NFC West: Bob Wallace

Danny O'Neil of the Seattle Times says the Seahawks have not been notified of any plans to rename Qwest Field following a merger between Qwest and CenturyLink. The current name is corporate, of course, but it has become ingrained enough to evoke strong feelings among fans. The stadium was called Seahawks Stadium when it opened for the 2002 season. O'Neil: "In 2008, Safeco was acquired by Liberty Mutual Group, but the name of the Mariners' stadium remained Safeco Field. However, CenturyLink does have a presence in Washington that predates the merger with an office located in Gig Harbor."

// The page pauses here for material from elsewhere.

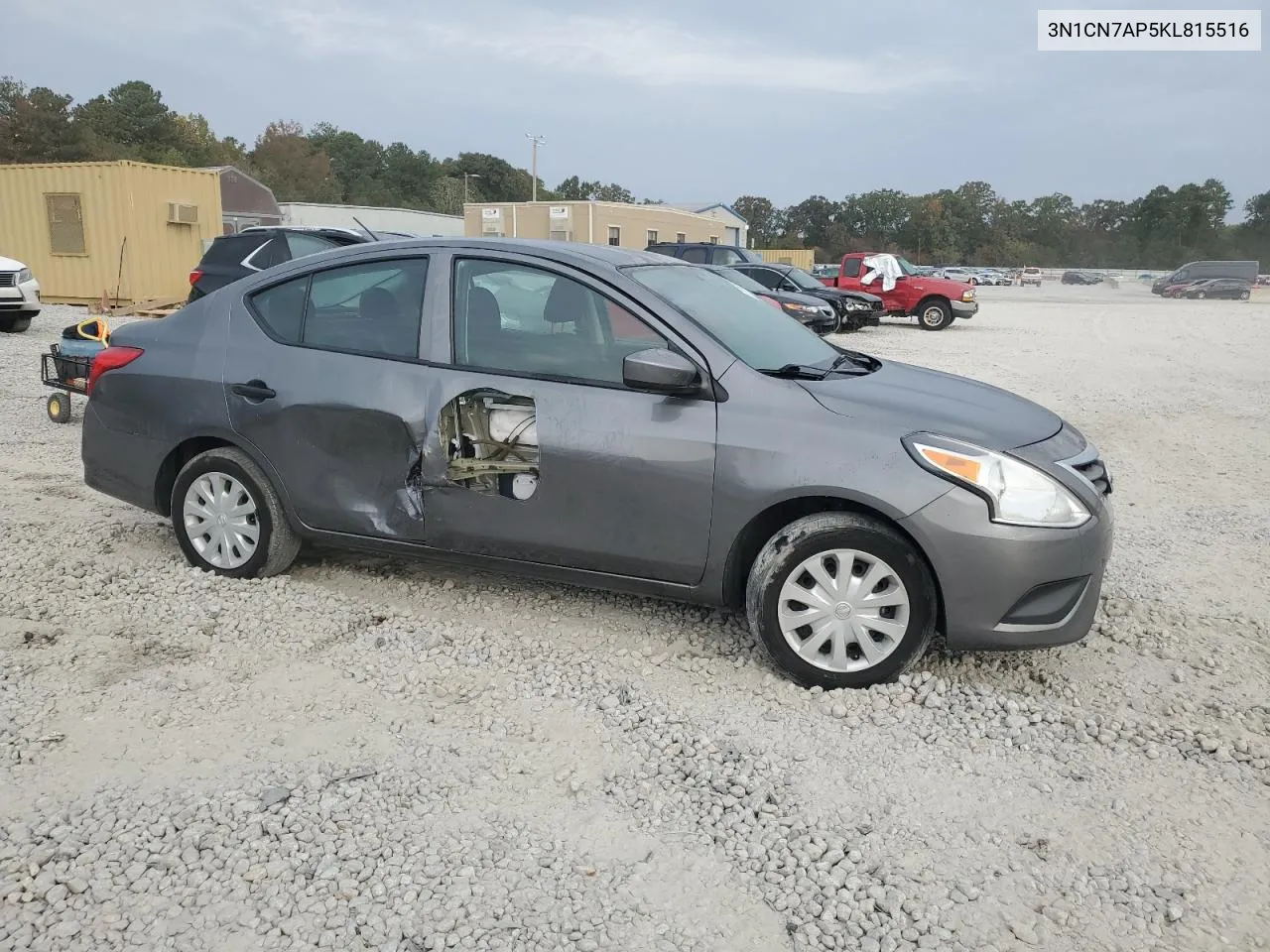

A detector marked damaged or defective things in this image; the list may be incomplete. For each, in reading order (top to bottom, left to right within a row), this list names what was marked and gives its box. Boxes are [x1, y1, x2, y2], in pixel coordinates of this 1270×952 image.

damaged rear door [222, 254, 432, 540]
damaged rear door [421, 250, 721, 586]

John McGrath of the Tacoma News Tribune explains the Qwest phenomenon: "The stadium name with the silly spelling has grown on me. It’s got an identity so vivid, even the downtown Seattle cab drivers understand 'Qwest Field,' especially if you add: 'For the football game, where all the traffic is. Three blocks away is close enough.' CenturyLink sounds like a industrial company that manufactures ugly fences separating old tires and crab grass from the sidewalk. Then I see those words cramped together with the capital letter in the middle -- CenturyLink -- and I need some space."

Kent Somers of the Arizona Republic updates the Cardinals' efforts to renew and sell season-ticket packages. The team, like the league, is proceeding as though the regular season will begin on time. I'd be curious to know the retention rate for the Cardinals in a tough economy and following a 5-11 season. Somers: "The Cardinals don't disclose the number of people on their season-ticket waiting list but say it's in the thousands."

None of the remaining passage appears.